貧乏生活のどん底で気づいた「お金の正体」
メガバンクで働いていた私は、40歳を過ぎた頃に株で大失敗して借金地獄へと転落。多額の借金を背負い爪に火を灯す貧乏生活を経験。しかし、その後5年で借金を完済し、富裕層の仲間入りをした……という話は、これまでの記事でもお伝えしました。
その時期、貧乏生活のどん底の中で私はあることに気づきました。銀行員として得た金融のノウハウを駆使したのに資産運用に失敗して、とんでもない借金を背負ったことがきっかけとなり、お金の本質について深く思いを巡らすことになったのです。
あなたは「お金の正体」って何だと思いますか? 日頃私たちが「お金」という言葉を使うとき、それは円とかドルのような「通貨」の意味で使っています。また、経済学では「価値の尺度」「交換の媒介」「価値の保蔵」という3つの機能を持ったモノのことを通貨と呼んでいます。
しかし、それらはあくまでも「通貨の機能」を説明しているだけであって、お金の本質とはまったく関係ありません。そもそもお金とは、コインや紙幣のような「物」なんかでもありません。結論からいうと、世の中の人々の感謝の気持ちやお詫びの気持ち、それがお金の正体です。
社会に何らかの貢献をして、誰かを幸せにした結果として、あなたのもとに集まってくるものがお金なのです。

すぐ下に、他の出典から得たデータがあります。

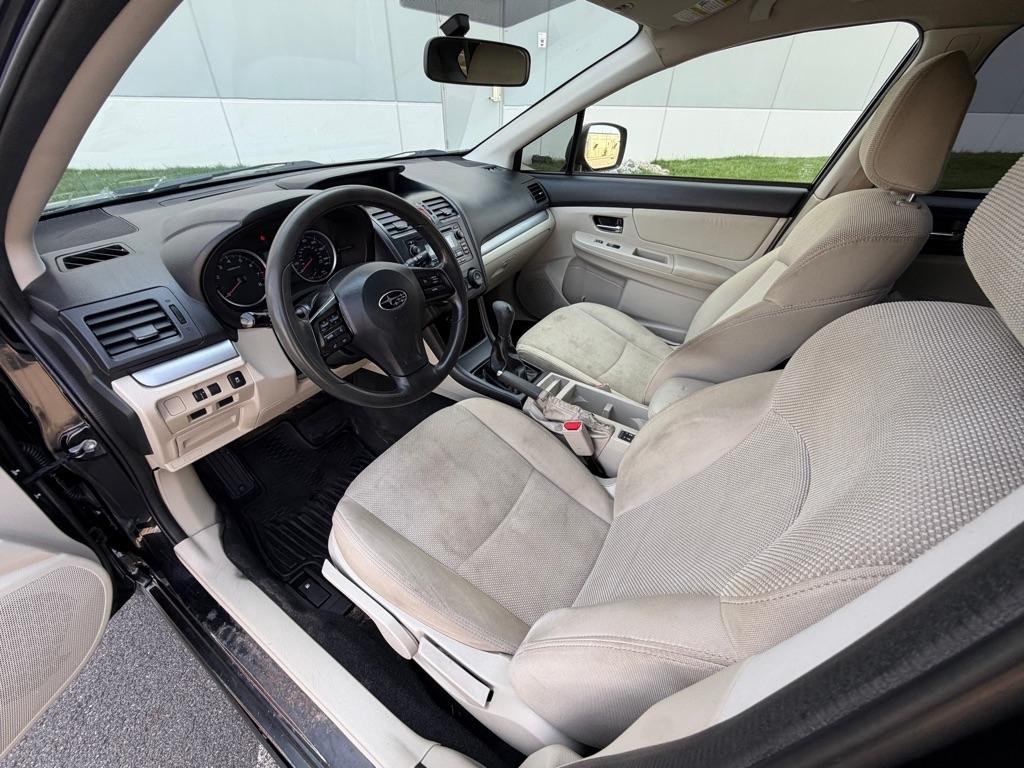 Subaru XV Crosstrek  2013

そして、通貨とは「感謝の気持ちやお詫びの気持ち」をわかりやすく「見える化」したものにすぎません。
このことは、日常生活を振り返ってみるとよくわかります。たとえば、1万円の値段が付いているモノやサービスがあったとしましょう。そのモノやサービスを得ることであなたが喜びを感じて満足するのであれば、あなたは1万円を支払うはずです。でも、そのモノやサービスを得ることで満足感が得られなければ、あなたは1万円を支払いません。

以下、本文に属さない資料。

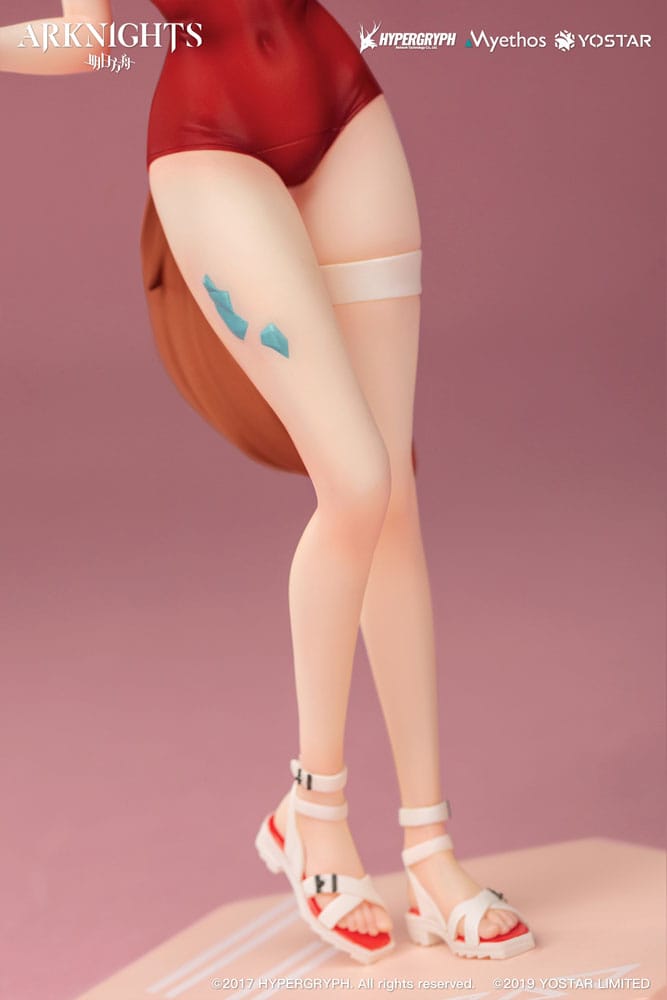 Original Character PVC Statue 1/10 Angelina: Summer Time Ver. 17cm - Scale Statue - Myethos - Hobby Figures UK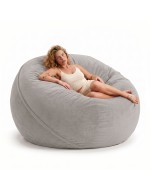 Сhair pouf for home Cloud Large Rene 21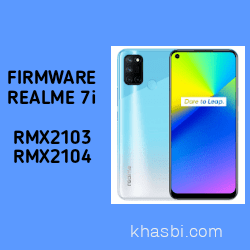 Firmware Realme 7i RMX2103 (Flash File)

これを逆の立場から考えてみると、相手が満足したり、感謝してくれるようなモノやサービスを提供できたりしたとき、初めて1万円をもらえるということになります。つまり、こうしていただける1万円という通貨は、相手の感謝の気持ちが具体的な数字として「見える化」したものだということ。
1万円という名の紙切れの上には、1万円という数字で表現された「感謝の気持ち」が乗っかっているというわけです。